I met the most beautiful black cockapoo at the beach yesterday (sadly didn't have my camera...) He was 4 years old, a rescue originally from Essex. Had apparently been through 5 homes before the lady got him last year - she said the reason that he had been given up was because he was destructive in the house, but she said she reckons that he just wasn't being exercised or given time to use his brain enoughtm because she hasn't had any problems with him - that said she was retired and obviusly enjoyed walking!
He was a beautiful tall leggy chap who reminded me very much of lovely leggy Lola, no curls, but whispy top to his head, hairy ears and lovely furnishings on his legs and tails. I'd have taken him home onthe spot if the lady had said she didn't want him!!
I think that Honey looks gorgeous - I love the variation in coat types!


----------



## jaspersdad (Aug 15, 2012)

Thanks everyone thats good to know its not a problem i was just wondering.


----------



## Smallears (Oct 28, 2012)

I always say to my friend who also has a cockapoo that I'm not sure about muttley being a proper cockapoo but as he grows his coat is changing slightly but have now idea what it's going to be like when his adult coat comes thru. Does anyone think he needs a cut??


----------



## Jedicrazy (Apr 26, 2011)

mairi1 said:


> Ah Roo is looking gorgeous... I think you're gonna have another thick coat there Clare??!!
> 
> Just as well you're an expert in the grooming dept  ... We need some Obi pics please
> 
> xxx


lol Mairi, i wouldn't call myself a grooming expert! Sadly, I had my first grooming disaster with Obi last week. I cut him the shortest I've ever gone and I absolutely hate it. It's just not him. Fortunately with this weather I can cover it up with an Equafleece and on practical note it is so much easier and no tangles. I will however be letting it grow again .


----------



## RuthMill (Jun 30, 2012)

Mutley is gorgeous! Keep it long if you can manage it!


----------



## DB1 (Jan 20, 2012)

Smallears said:


> I always say to my friend who also has a cockapoo that I'm not sure about muttley being a proper cockapoo but as he grows his coat is changing slightly but have now idea what it's going to be like when his adult coat comes thru. Does anyone think he needs a cut??
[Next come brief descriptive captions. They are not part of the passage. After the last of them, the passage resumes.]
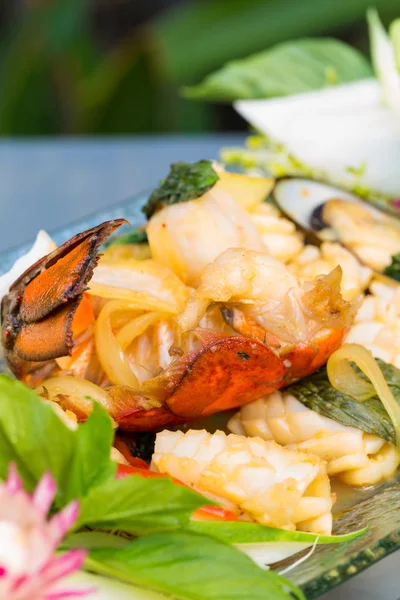 Angry Ocean Dish — Stock Photo, Image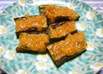 ちょっとピリ辛な☆なす田楽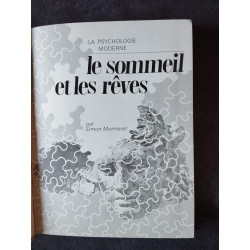 Le sommeil et les rêves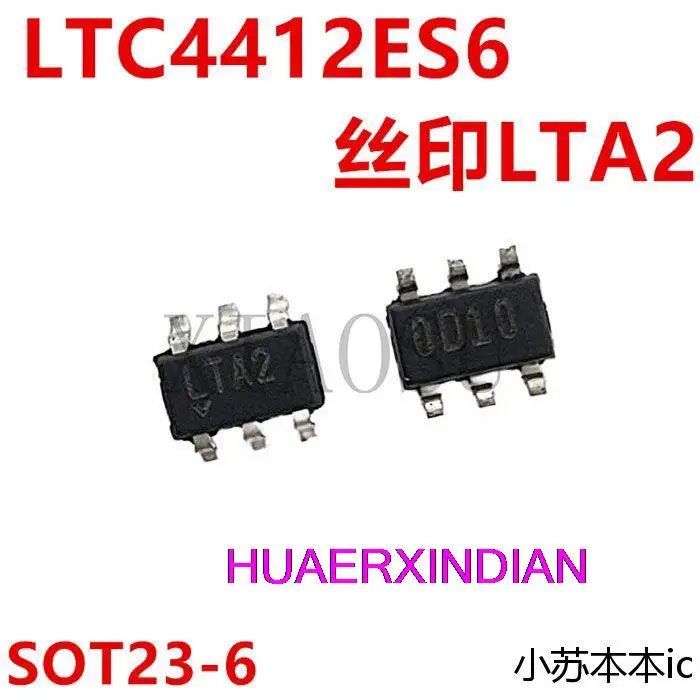 LTC4412ES6 # TRPBF Печать LTA2 SOT23-6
Muttley's coat is gorgeous and looks exactly the same as my Dudley's was - his is getting thicker and a bit more curl by the day, I've managed to keep his coat long so far, just trim around eyes and feet - but boy does he take a long time to dry after a wet walk!


----------



## Janev1000 (Oct 4, 2011)

Mutley's coat looks fab and my favourite type of coat - thick and wavy. I'm sure he'll develop curl when he's older but I love wavy and it's very attractive when left long. It's the perfect mix of both the cocker and the poo! x


----------



## sugerlump (Oct 6, 2012)

i had ginger gromed , and i think i like her better long ,but it is so muich easer to keep clean and mat free ....Lumpy


----------



## dmgalley (Aug 19, 2012)

Jake needs a trim. He does not matt (yet) but it takes longer and longer to comb out and he is not a fan. He is also getting snipped on 12/14 and they will shave his leg and belly. I figure I might as well give it up now.


----------



## Marzi (Sep 17, 2012)

Jake is such a sweet boy - if you clip him how white will he end up? Isn't it just the tips of the hairs in his coat that are brown/black?


----------



## RuthMill (Jun 30, 2012)

Lovely cuddly jake.


----------



## mairi1 (Mar 12, 2012)

dmgalley said:


> Jake needs a trim. He does not matt (yet) but it takes longer and longer to comb out and he is not a fan. He is also getting snipped on 12/14 and they will shave his leg and belly. I figure I might as well give it up now.


Oh the lovely Jake .
He looks quite big in the photo... getting a little concerned that the Equafleece won't fit him??!!! 
No sign of it yet Donna? 
xxx


----------



## dmgalley (Aug 19, 2012)

The black will go and the brown will stay. Makes me sad. 
Not yet mairi he is growing like a weed.


----------



## Debbie & Crunchie (Oct 16, 2012)

Crunchie was very much like Honey  by the way she is beautiful. I took her for a good cut about 6 weeks ago and the lady took all her puppy wispy puppy fluff off and now she is a mixture of wavy and curly, so I am guessing as I get more of her puppy fluff cut off the curlier she will get


----------